• Exercise:
Exact copy without images: repeat every entry as written.

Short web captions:
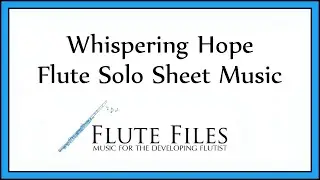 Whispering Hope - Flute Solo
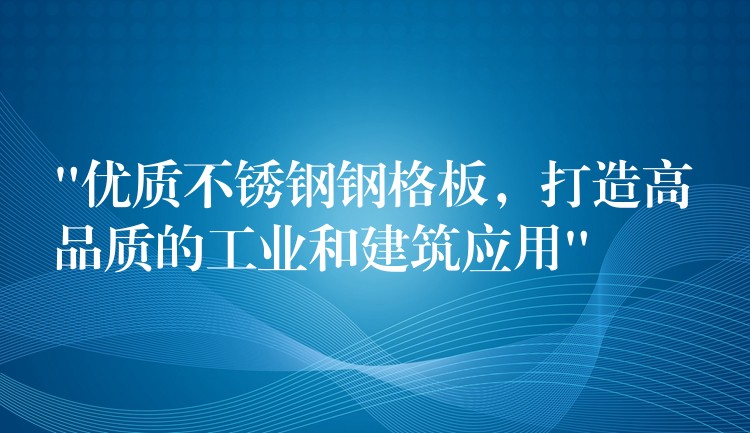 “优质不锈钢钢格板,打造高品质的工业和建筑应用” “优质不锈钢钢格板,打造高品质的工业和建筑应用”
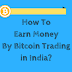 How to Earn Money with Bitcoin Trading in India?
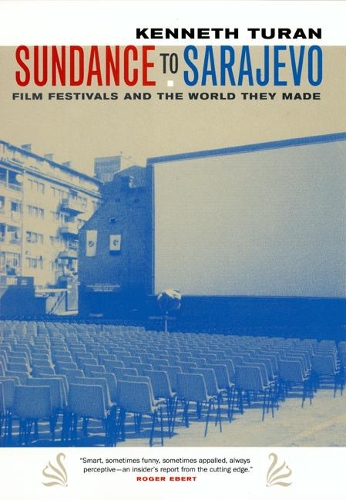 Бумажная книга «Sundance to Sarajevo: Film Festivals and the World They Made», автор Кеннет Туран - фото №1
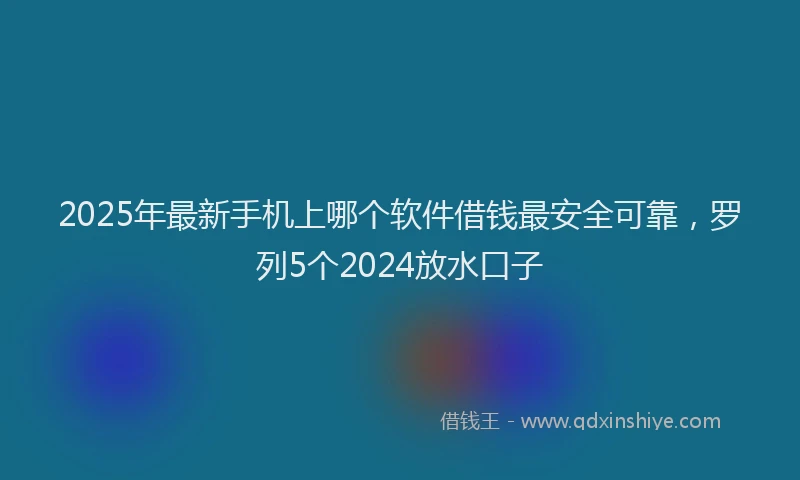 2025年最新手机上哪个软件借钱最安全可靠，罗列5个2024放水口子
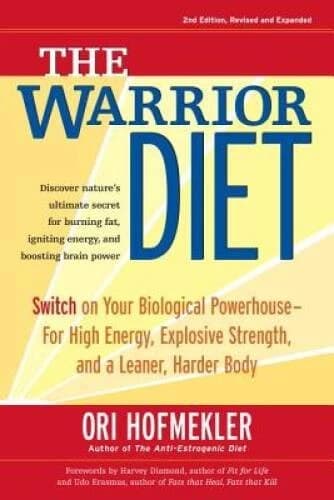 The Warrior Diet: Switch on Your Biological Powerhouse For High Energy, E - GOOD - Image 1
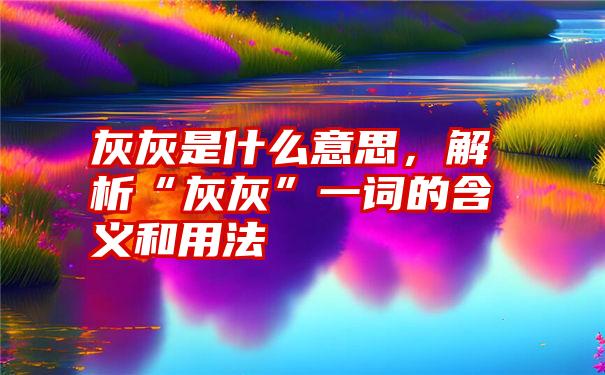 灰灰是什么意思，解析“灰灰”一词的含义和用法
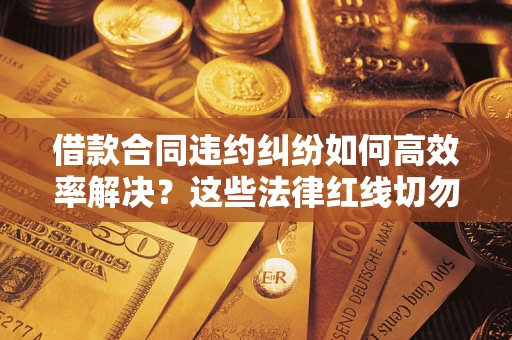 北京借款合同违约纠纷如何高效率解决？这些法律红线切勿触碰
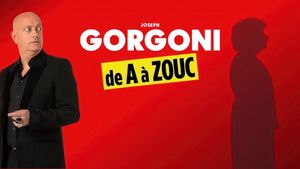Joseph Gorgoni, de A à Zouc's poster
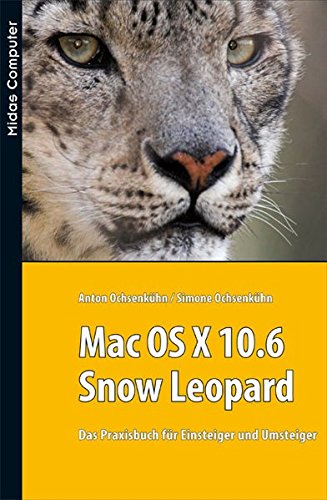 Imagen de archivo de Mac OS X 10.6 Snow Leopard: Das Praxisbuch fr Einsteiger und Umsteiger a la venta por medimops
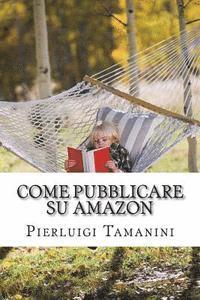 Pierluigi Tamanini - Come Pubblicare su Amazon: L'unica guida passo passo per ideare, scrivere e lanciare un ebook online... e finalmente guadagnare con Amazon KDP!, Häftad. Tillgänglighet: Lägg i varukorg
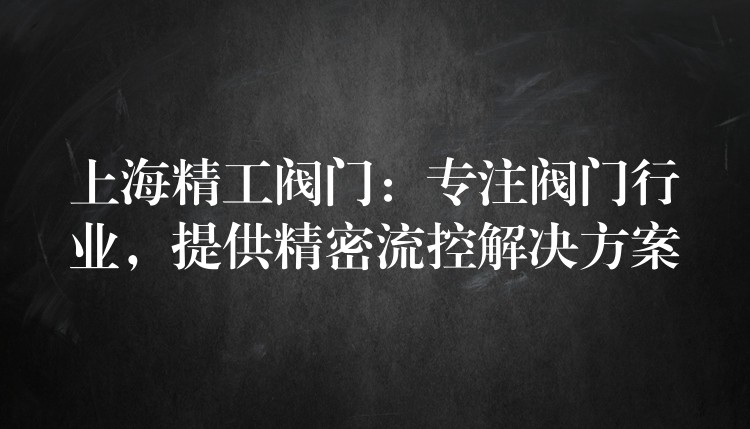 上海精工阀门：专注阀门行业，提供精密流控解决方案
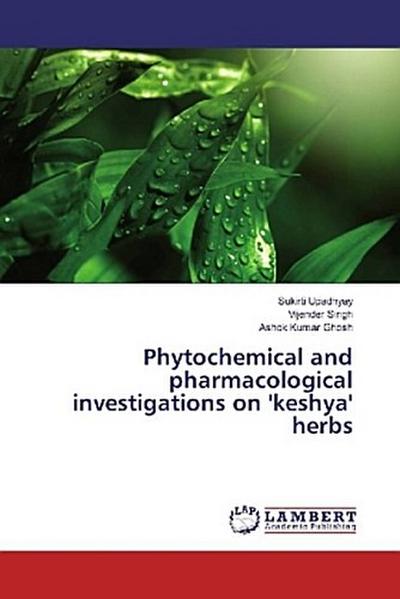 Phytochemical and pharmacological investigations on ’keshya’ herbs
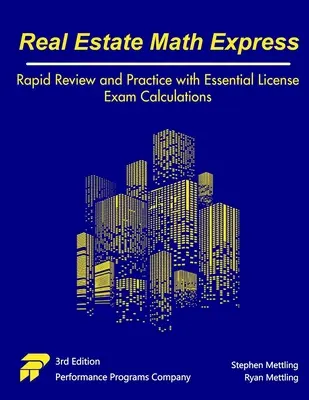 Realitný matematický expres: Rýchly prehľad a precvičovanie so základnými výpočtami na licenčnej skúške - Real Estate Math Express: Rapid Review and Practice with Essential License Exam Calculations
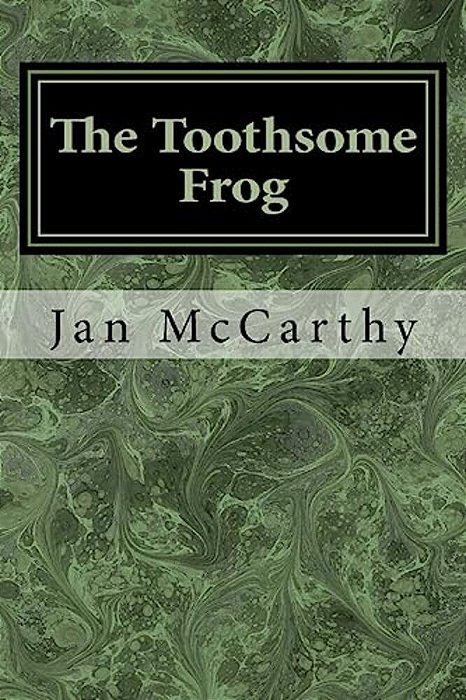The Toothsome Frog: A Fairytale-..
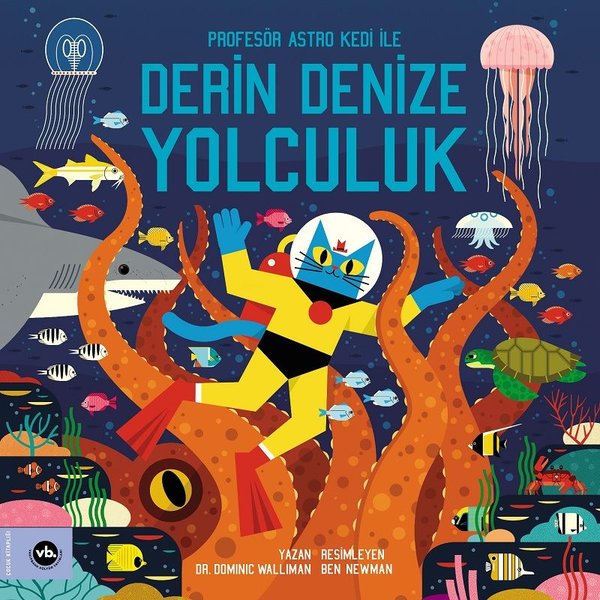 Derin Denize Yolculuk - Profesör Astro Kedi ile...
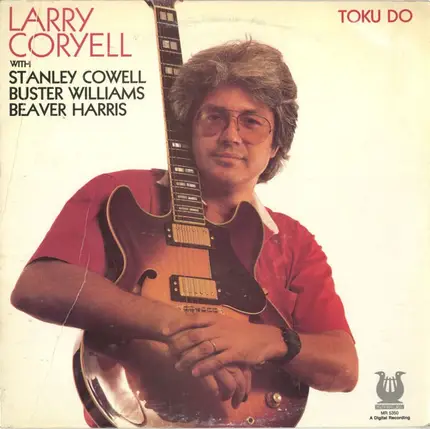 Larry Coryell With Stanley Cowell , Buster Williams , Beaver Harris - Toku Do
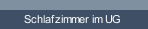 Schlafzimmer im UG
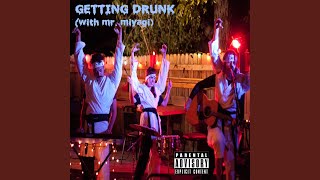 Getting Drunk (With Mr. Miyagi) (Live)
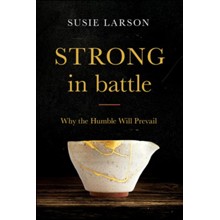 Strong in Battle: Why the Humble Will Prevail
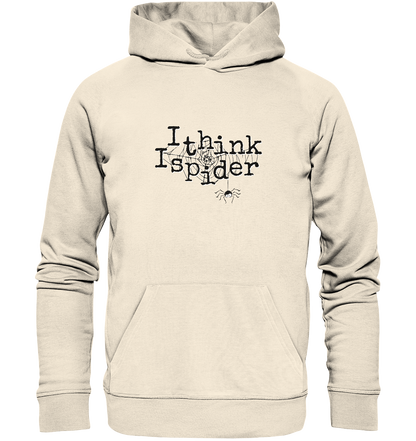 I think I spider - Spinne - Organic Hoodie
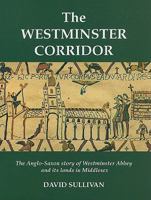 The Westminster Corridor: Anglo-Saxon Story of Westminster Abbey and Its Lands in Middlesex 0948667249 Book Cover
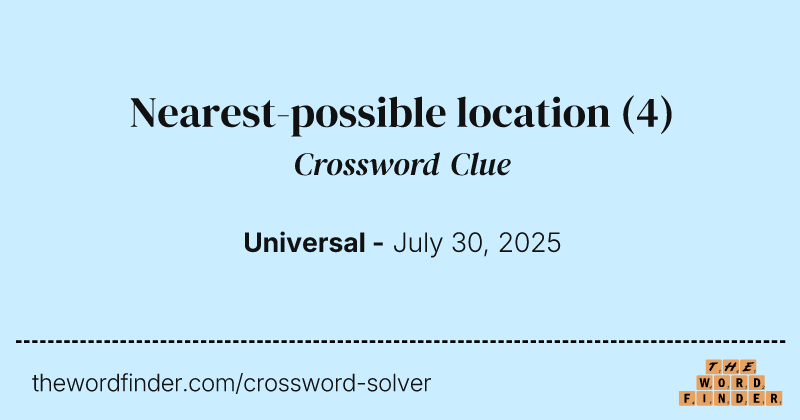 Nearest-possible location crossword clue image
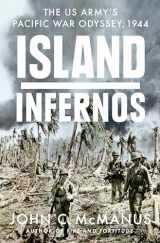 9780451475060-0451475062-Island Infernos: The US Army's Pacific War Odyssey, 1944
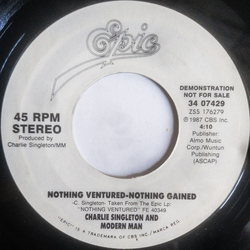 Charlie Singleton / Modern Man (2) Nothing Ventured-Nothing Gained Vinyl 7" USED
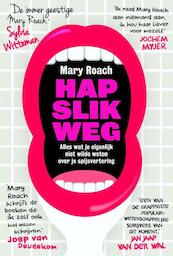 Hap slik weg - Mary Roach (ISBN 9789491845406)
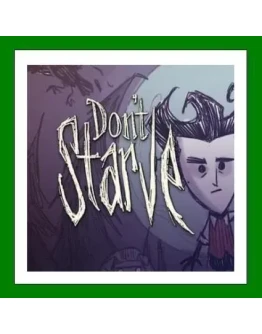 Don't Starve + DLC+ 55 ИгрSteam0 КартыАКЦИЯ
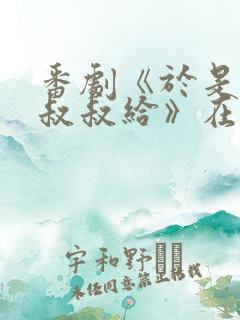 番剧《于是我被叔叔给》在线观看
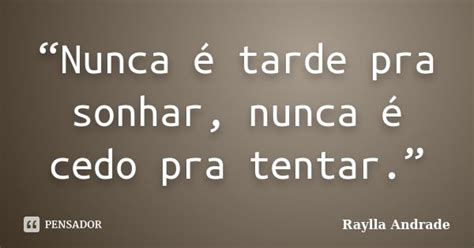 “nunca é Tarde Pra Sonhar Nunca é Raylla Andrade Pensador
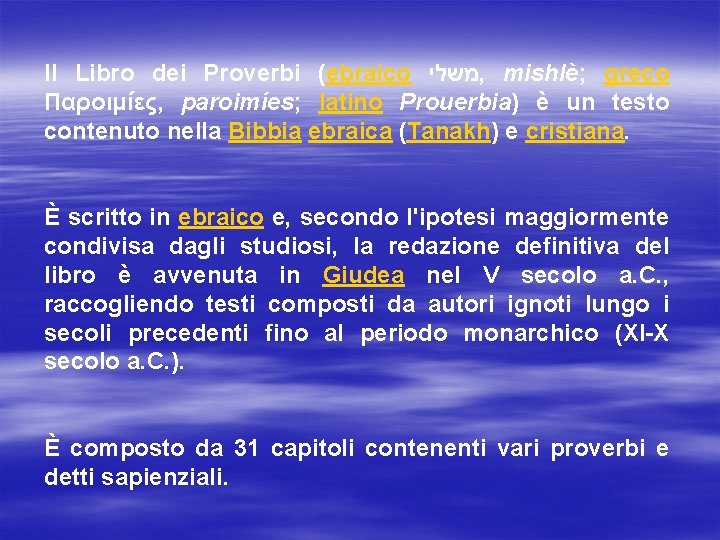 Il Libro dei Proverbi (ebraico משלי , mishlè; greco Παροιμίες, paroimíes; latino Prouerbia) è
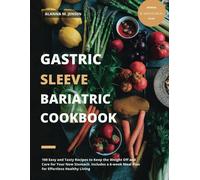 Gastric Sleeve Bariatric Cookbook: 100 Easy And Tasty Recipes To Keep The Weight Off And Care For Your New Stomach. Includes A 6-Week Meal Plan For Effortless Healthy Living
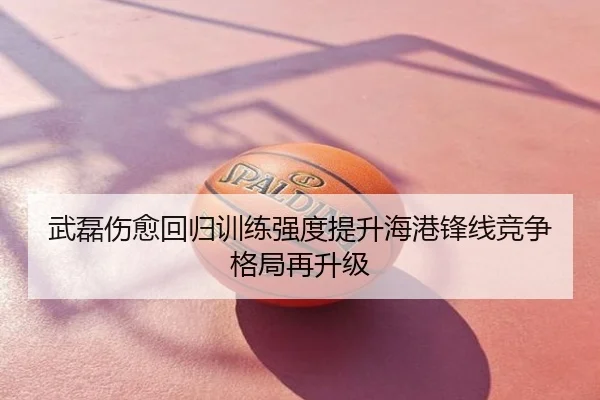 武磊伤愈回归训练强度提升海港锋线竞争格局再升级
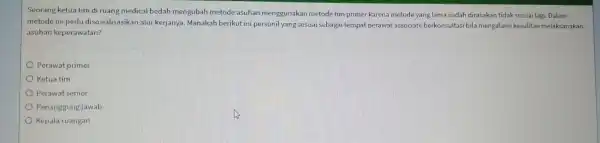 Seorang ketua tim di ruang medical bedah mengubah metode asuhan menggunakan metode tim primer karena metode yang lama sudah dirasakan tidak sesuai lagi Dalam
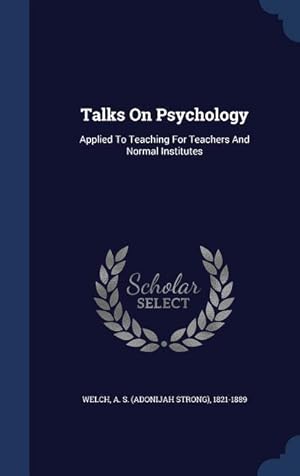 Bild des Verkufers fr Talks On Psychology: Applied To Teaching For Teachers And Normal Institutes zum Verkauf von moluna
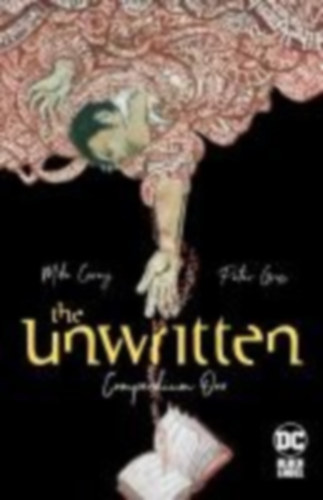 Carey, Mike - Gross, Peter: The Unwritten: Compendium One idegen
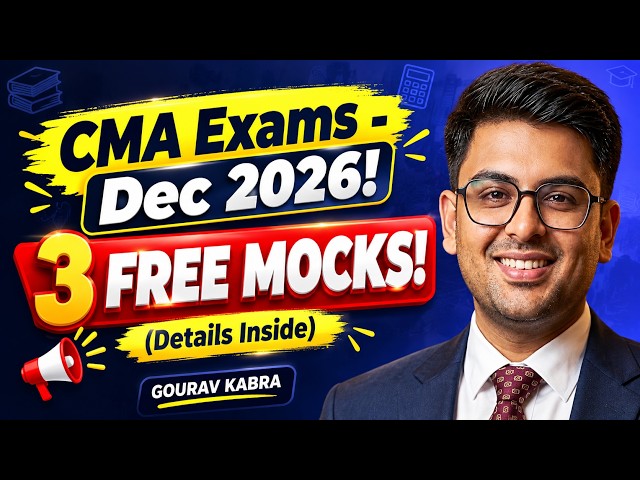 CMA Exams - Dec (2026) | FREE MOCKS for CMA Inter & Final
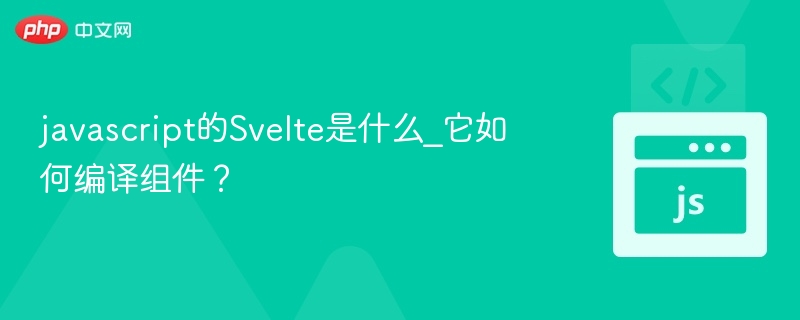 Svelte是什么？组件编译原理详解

• Output:
 Whispering Hope - Flute Solo
 “优质不锈钢钢格板,打造高品质的工业和建筑应用” “优质不锈钢钢格板,打造高品质的工业和建筑应用”
 How to Earn Money with Bitcoin Trading in India?
 Бумажная книга «Sundance to Sarajevo: Film Festivals and the World They Made», автор Кеннет Туран - фото №1
 2025年最新手机上哪个软件借钱最安全可靠，罗列5个2024放水口子
 The Warrior Diet: Switch on Your Biological Powerhouse For High Energy, E - GOOD - Image 1
 灰灰是什么意思，解析“灰灰”一词的含义和用法
 北京借款合同违约纠纷如何高效率解决？这些法律红线切勿触碰
Joseph Gorgoni, de A à Zouc's poster
 Imagen de archivo de Mac OS X 10.6 Snow Leopard: Das Praxisbuch fr Einsteiger und Umsteiger a la venta por medimops
 Pierluigi Tamanini - Come Pubblicare su Amazon: L'unica guida passo passo per ideare, scrivere e lanciare un ebook online... e finalmente guadagnare con Amazon KDP!, Häftad. Tillgänglighet: Lägg i varukorg
 上海精工阀门：专注阀门行业，提供精密流控解决方案
 Phytochemical and pharmacological investigations on ’keshya’ herbs
 Realitný matematický expres: Rýchly prehľad a precvičovanie so základnými výpočtami na licenčnej skúške - Real Estate Math Express: Rapid Review and Practice with Essential License Exam Calculations
The Toothsome Frog: A Fairytale-..
 Derin Denize Yolculuk - Profesör Astro Kedi ile...
 Larry Coryell With Stanley Cowell , Buster Williams , Beaver Harris - Toku Do
 Schlafzimmer im UG
 Getting Drunk (With Mr. Miyagi) (Live)
 Strong in Battle: Why the Humble Will Prevail
 I think I spider - Spinne - Organic Hoodie
 The Westminster Corridor: Anglo-Saxon Story of Westminster Abbey and Its Lands in Middlesex 0948667249 Book Cover
 Nearest-possible location crossword clue image
 9780451475060-0451475062-Island Infernos: The US Army's Pacific War Odyssey, 1944
 Charlie Singleton / Modern Man (2) Nothing Ventured-Nothing Gained Vinyl 7" USED
 Hap slik weg - Mary Roach (ISBN 9789491845406)
 Don't Starve + DLC+ 55 ИгрSteam0 КартыАКЦИЯ
 番剧《于是我被叔叔给》在线观看
 “nunca é Tarde Pra Sonhar Nunca é Raylla Andrade Pensador
 Il Libro dei Proverbi (ebraico משלי , mishlè; greco Παροιμίες, paroimíes; latino Prouerbia) è
 Gastric Sleeve Bariatric Cookbook: 100 Easy And Tasty Recipes To Keep The Weight Off And Care For Your New Stomach. Includes A 6-Week Meal Plan For Effortless Healthy Living
 武磊伤愈回归训练强度提升海港锋线竞争格局再升级
 Seorang ketua tim di ruang medical bedah mengubah metode asuhan menggunakan metode tim primer karena metode yang lama sudah dirasakan tidak sesuai lagi Dalam
 Bild des Verkufers fr Talks On Psychology: Applied To Teaching For Teachers And Normal Institutes zum Verkauf von moluna
 Carey, Mike - Gross, Peter: The Unwritten: Compendium One idegen
 CMA Exams - Dec (2026) | FREE MOCKS for CMA Inter & Final
 Svelte是什么？组件编译原理详解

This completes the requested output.